* **PROBLEM TO SOLVE**:
For the records shown below, return an exact copy that excludes the pictures.

Short text fragments from websites:
- Opening Delimiter -

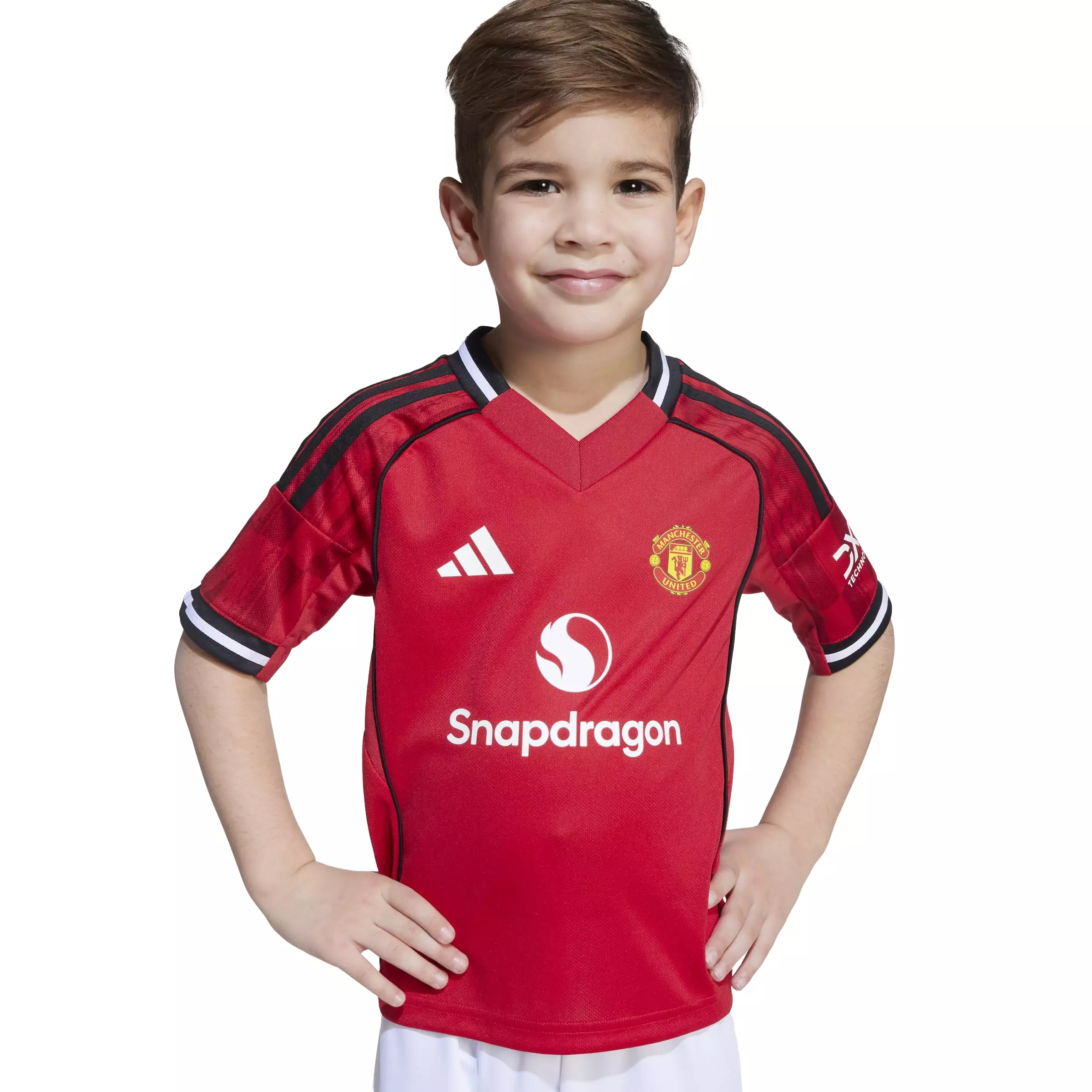 ADIDAS Manchester United 25/26 Home Mini Kit Kids JP3019 - Jersey Mini Set (Red)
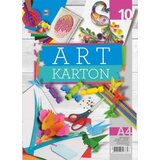 Optimum Art karton blok a4 1/10 250gr ( 29964 ) Cene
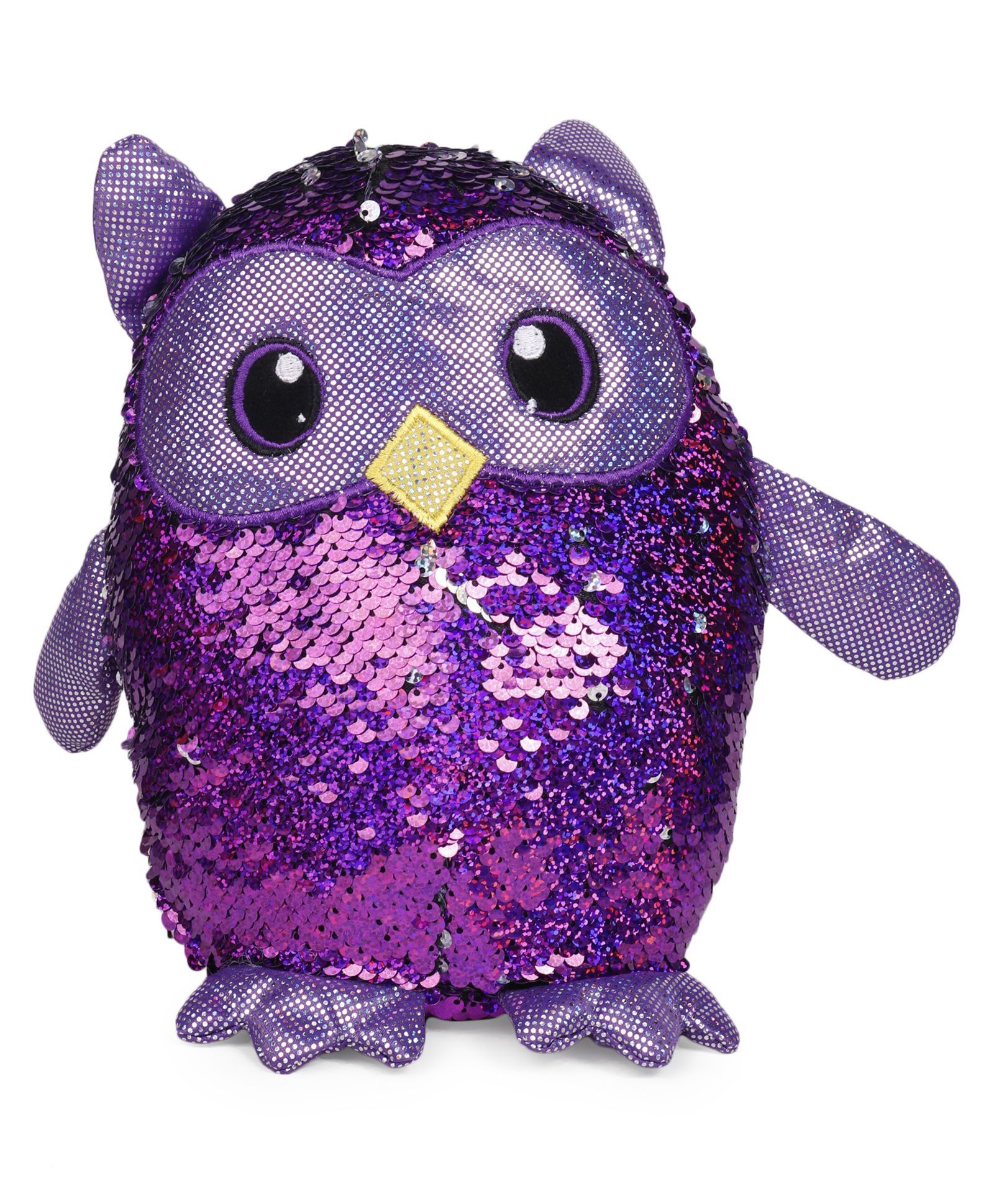 Shimmeez Medium Clip On Toy Owl Shape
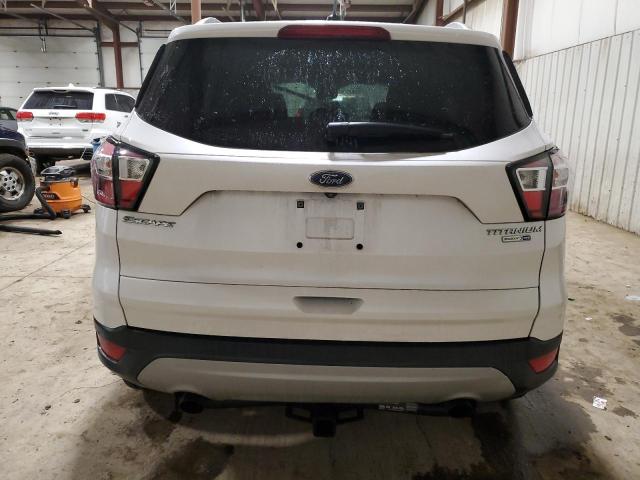 1FMCU9J96HUE83755 - 2017 FORD ESCAPE TITANIUM WHITE photo 6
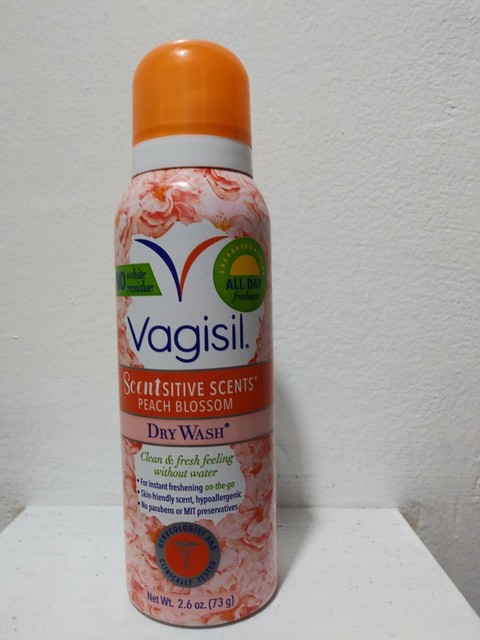 vagisil dry spray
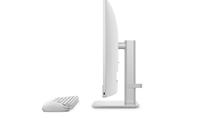 Computadora de Escritorio Todo en Uno de Alta Gama EC24260 (Ultra5-325 16G 512G) Estética Blanca con Pantalla Grande de 23.8 Pulgadas con Protección Ocular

- Closing Delimiter -

* **EXERCISE RESULT**:
 ADIDAS Manchester United 25/26 Home Mini Kit Kids JP3019 - Jersey Mini Set (Red)
 Optimum Art karton blok a4 1/10 250gr ( 29964 ) Cene
 Shimmeez Medium Clip On Toy Owl Shape
 1FMCU9J96HUE83755 - 2017 FORD ESCAPE TITANIUM WHITE photo 6
 vagisil dry spray
 Computadora de Escritorio Todo en Uno de Alta Gama EC24260 (Ultra5-325 16G 512G) Estética Blanca con Pantalla Grande de 23.8 Pulgadas con Protección Ocular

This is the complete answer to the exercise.